Nice! I saw it when it was not so close, while driving home a couple weeks ago. Nice shot!


----------



## ehanes7612 (Jul 4, 2015)

a longer exposure may have shown four moons of jupiter but unless you have at least a four inch aperture lens (a 200 mm camera lens is about 2.5 inches) you wont get any detail in jupiter itself. if you had a longer exposure though you would have blown out venus...you would need to bracket your exposures and combine them in photoshop or some other program


----------



## troy (Jul 5, 2015)

Thank you for sharing!!!


----------



## Mandy2705 (Jul 5, 2015)

Amazing! Thank you so very much.


----------



## My Green Pets (Jul 5, 2015)

Nice! When I looked through my telescope, Venus appeared as a crescent...How did you get that round shape?


----------



## ehanes7612 (Jul 5, 2015)

CambriaWhat said:


> Nice! When I looked through my telescope, Venus appeared as a crescent...How did you get that round shape?



you are dealing with the limitation of a ccd sensor when taking pics of astral objects with a camera (very small aperture compared to a telescope) ..the magnification is very small so you are working with a very small pixel distribution area...you can see the off white (yellowish) area on venus (that would normally be dark) indicating its crescent shape, this area is filled in with the photons reflecting off venus and because of atmospheric effects on earth, you can get errant photons (effects of quantum mechanics) slightly changing trajectory,...in this shot, venus is also slightly overexposed , so greater chance for error ...taking pics of planets is very difficult, especially with only a camera


----------



## Ozpaph (Jul 5, 2015)

I'd appreciate some tips on taking photos of the Milky Way, if you have any?


----------



## ehanes7612 (Jul 5, 2015)

Ozpaph said:


> I'd appreciate some tips on taking photos of the Milky Way, if you have any?



The darker the sky the better...if you use a wide angle camera , you can get away with a 30 second exposure without streaking, maybe more but you would also need a tripod.
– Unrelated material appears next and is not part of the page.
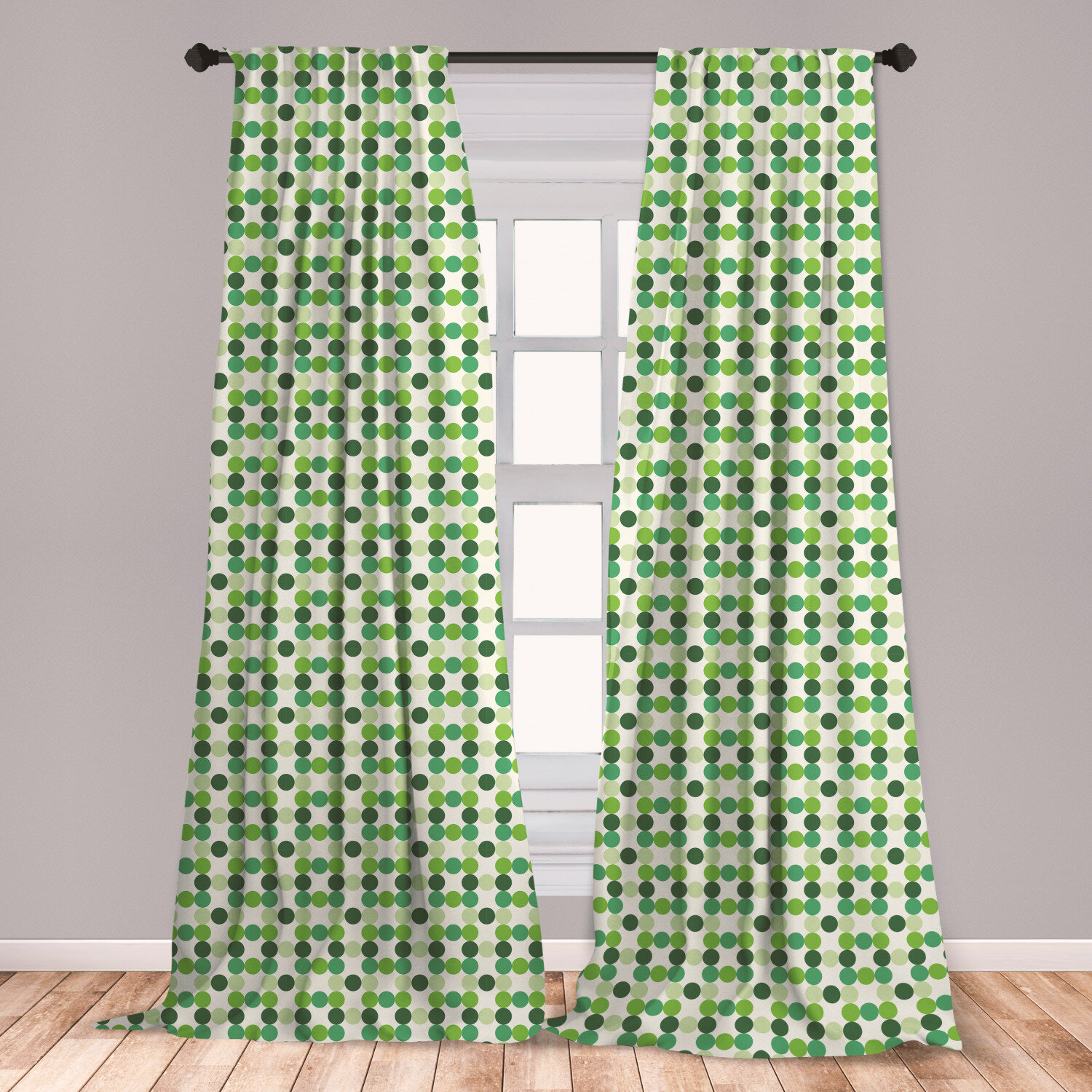 East Urban Home Ambesonne Green Curtains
If you go into more detail, say the areas with high concentrations of nebulae, you will need a series of shots to help filter noise (which you can stack in a program like Lightroom) and then manipulate in photoshop for color and detail. It's a long process but there are plenty of youtube tutorials. A 200 mm lens will allow you a two to four second exposure without streaking (depends how far away the object is from Polaris, the axis of spin for the earth). Any longer and you will need a trustworthy equatorial mount with a good drive to track the sky.


----------



## Ozpaph (Jul 6, 2015)

Thank-you. Ill work on it.


----------



## ehanes7612 (Jul 6, 2015)

if your camera has a really good ccd sensor you can push the ISO pretty high, thus reducing exposure time...I can go as high as 16,000 before I get into noise


----------